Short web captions
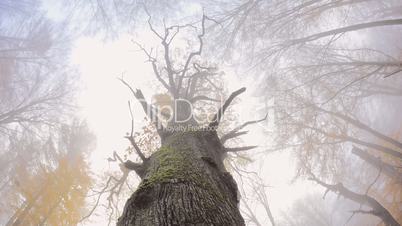 wald mit nebel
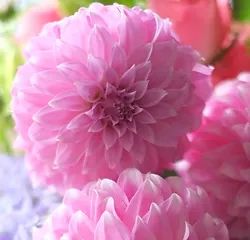 一年を通して使用可能な花 Iconicflower 一年を通して使用可能な花 Iconicflower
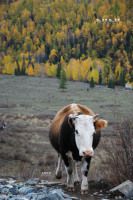 贾登峪－禾木－喀那斯徒步攻略（修改版）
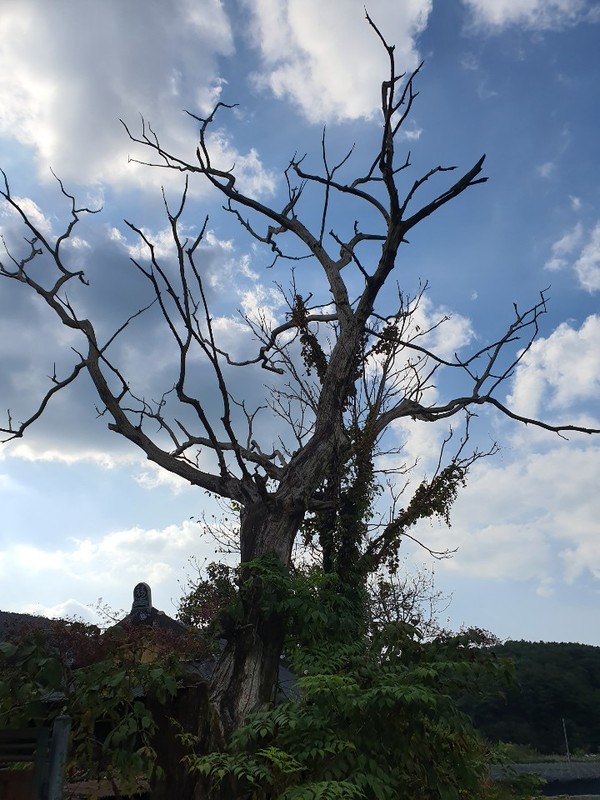 농촌 마을(전북의소리) 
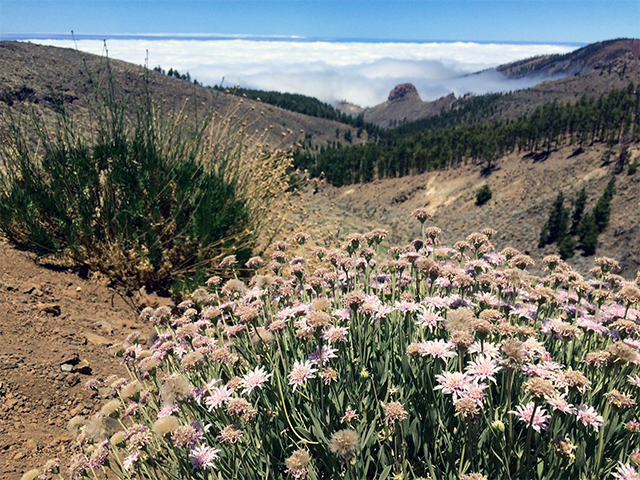 Slopes of El Teide Photo by Ventures Birding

- **WHAT YOU NEED TO DO**:
Could you write out the records again exactly, without any of their pictures?

- **YOUR RESPONSE**:
 wald mit nebel
 一年を通して使用可能な花 Iconicflower 一年を通して使用可能な花 Iconicflower
 贾登峪－禾木－喀那斯徒步攻略（修改版）
 농촌 마을(전북의소리) 
 Slopes of El Teide Photo by Ventures Birding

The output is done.